(AVAILABLE DATA)

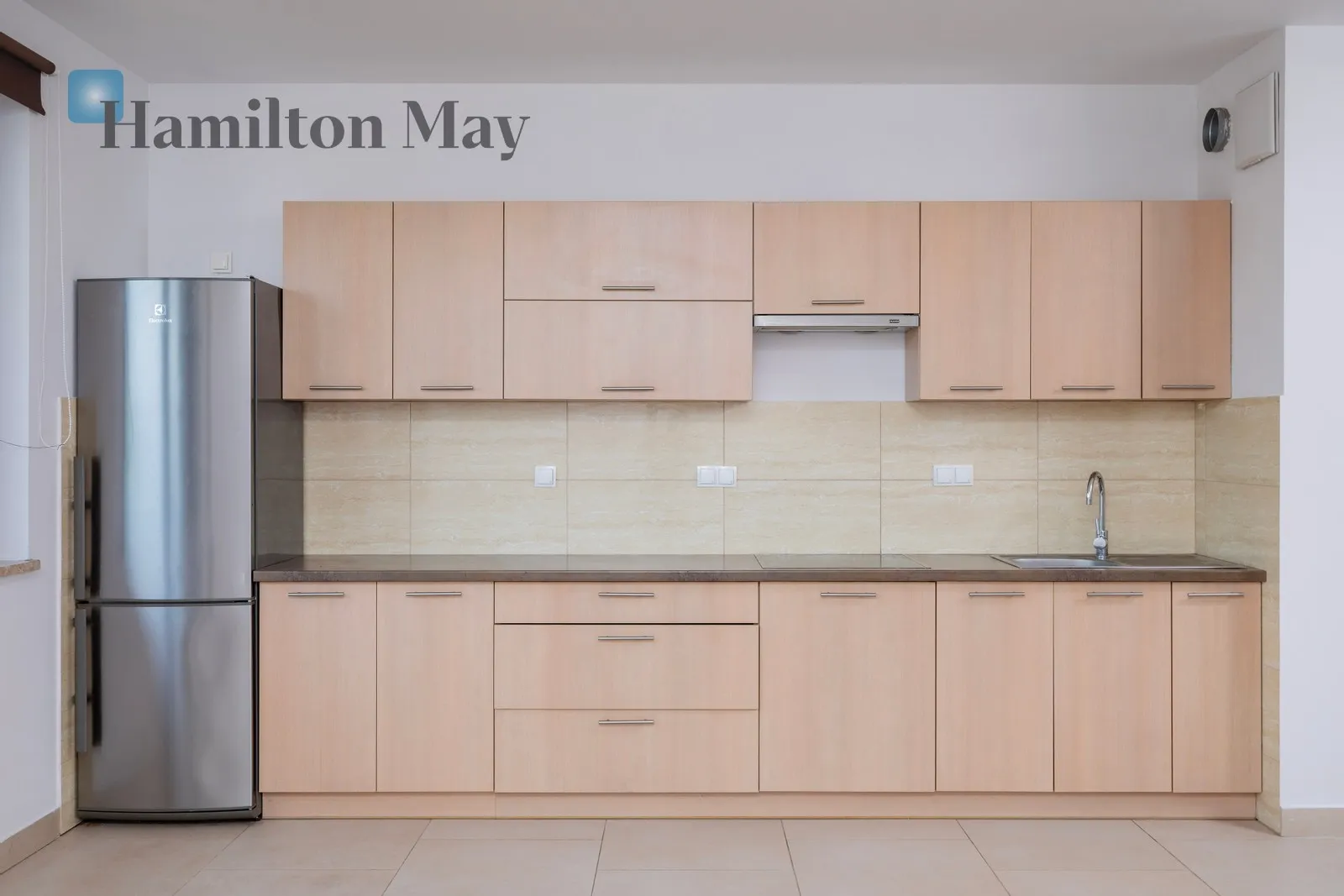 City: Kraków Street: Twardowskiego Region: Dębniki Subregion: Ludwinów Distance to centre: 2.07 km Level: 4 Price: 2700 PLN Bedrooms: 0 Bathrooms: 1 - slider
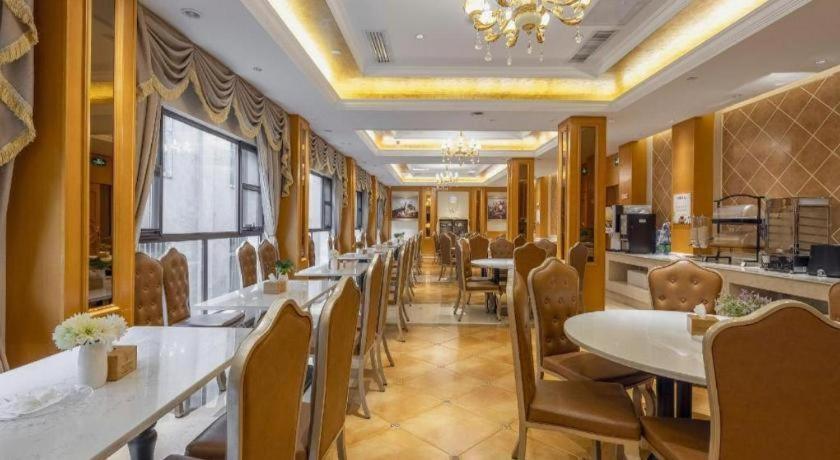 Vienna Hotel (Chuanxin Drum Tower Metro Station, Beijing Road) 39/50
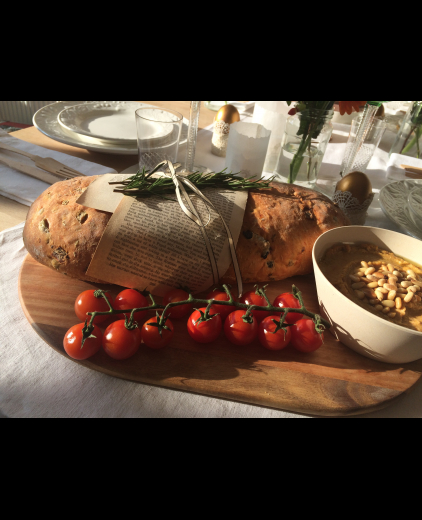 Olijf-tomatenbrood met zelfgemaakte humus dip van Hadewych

(End AVAILABLE DATA)

| THE PROBLEM |
When you copy the data, keep every line exact and drop the pictures.

| EXERCISE ANSWER |
 City: Kraków Street: Twardowskiego Region: Dębniki Subregion: Ludwinów Distance to centre: 2.07 km Level: 4 Price: 2700 PLN Bedrooms: 0 Bathrooms: 1 - slider
 Vienna Hotel (Chuanxin Drum Tower Metro Station, Beijing Road) 39/50
 Olijf-tomatenbrood met zelfgemaakte humus dip van Hadewych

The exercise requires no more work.